Aquela factualidade consta do requerimento apresentado pela Recorrente em 26.07.2021 (ref.ª: 48……), não foi impugnada e é comprovável numa parte significativa por documentos existentes no PA, pelo que se requer o seu aditamento ao abrigo do disposto no artigo 662°/n° 1 do CPC, aplicável ex vi artigo 2°/e) do CPPT.

De acordo com os factos provados 1, 2, 3 e 7 está em causa uma dívida de 665 mil euros do ano de 2011 e em execução desde Outubro desse mesmo ano, uma oposição à execução apresentada em 2012 julgada totalmente improcedente e uma reclamação graciosa apresentada em 2021 (é evidente a manifesta extemporaneidade deste último meio e que apenas serviu para a Recorrida ganhar tempo e evitar o pagamento da dívida).

Desde o trânsito em julgado da sentença proferida no processo de oposição n° 81/12.4BEBRG que a Recorrente se aprestava a avançar com medidas coercivas de cobrança da quantia exequenda, mas como o processo de execução se encontrava em Tribunal a Recorrente teve de aguardar pela sua devolução para praticar os actos de cobrança coerciva.

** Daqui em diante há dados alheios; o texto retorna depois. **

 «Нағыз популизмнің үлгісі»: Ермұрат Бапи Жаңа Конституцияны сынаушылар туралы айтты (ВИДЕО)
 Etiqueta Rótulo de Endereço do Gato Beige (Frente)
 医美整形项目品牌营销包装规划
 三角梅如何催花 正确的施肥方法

O processo de execução só foi devolvido em 18.01.2021 (cfr. facto provado 4) e quando estavam reunidas as condições para se avançar com a penhora de bens/direitos da Recorrida foi aprovada a Lei n° 4-B/2021, de 01.02, cujo artigo 6°-B/n° 1 suspendeu as diligências e prazos para a prática de actos nos processos em curso nos órgãos de execução fiscal.

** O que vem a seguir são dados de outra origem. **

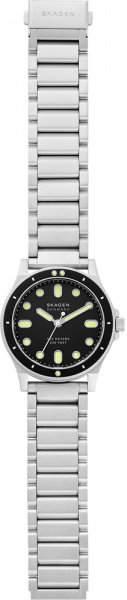 Skagen Fisk SKW6666
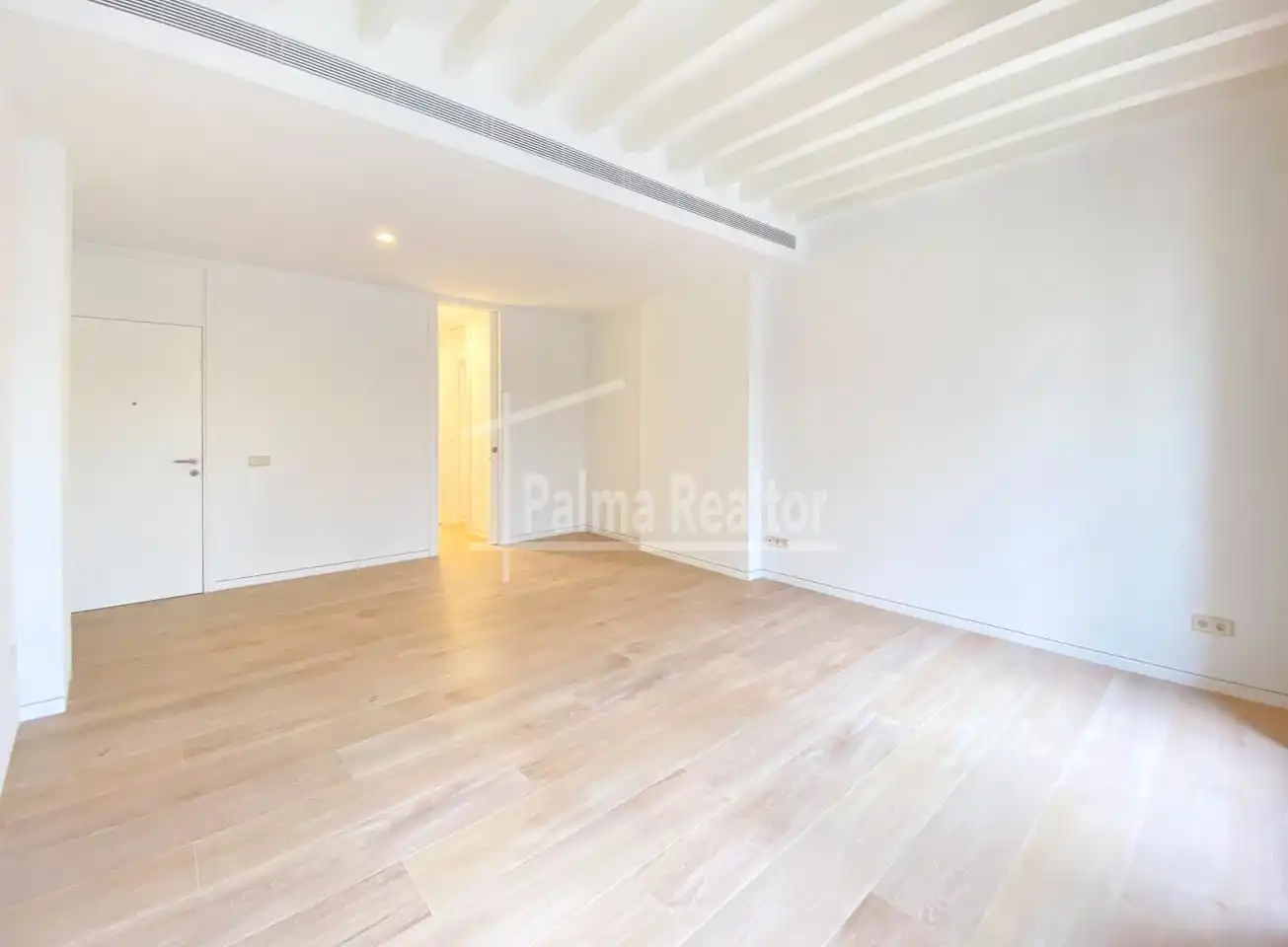 Vista exterior de Loft en venda en  Palma de Mallorca amb Aire condicionat, Parquet i Balcó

Aquela suspensão terminou no dia 05.04.2021 (cfr. Lei n° 13-B/2021, de 05.04) e o despacho que ordenou a penhora de bens da Recorrida é de 06.04.2021 (tendo sido expedidos os ofícios respectivos no dia 07.04.2021), entendendo, por isso, a Recorrente que é legalmente irrelevante a apresentação da reclamação graciosa no dia 05.04.2021 por ter sido enviada por email às 22h08m, ou seja, quando a empresa já se encontrava encerrada e não podia merecer qualquer tratamento da sua parte.

A apresentação de requerimentos por particulares está sujeita a registo próprio, por data de entrada, como decorre do artigo 105° do CPA, e o que releva para a apreciação da causa é o facto do acto de penhora ter sido praticado antes do registo do requerimento para prestação/dispensa parcial de garantia.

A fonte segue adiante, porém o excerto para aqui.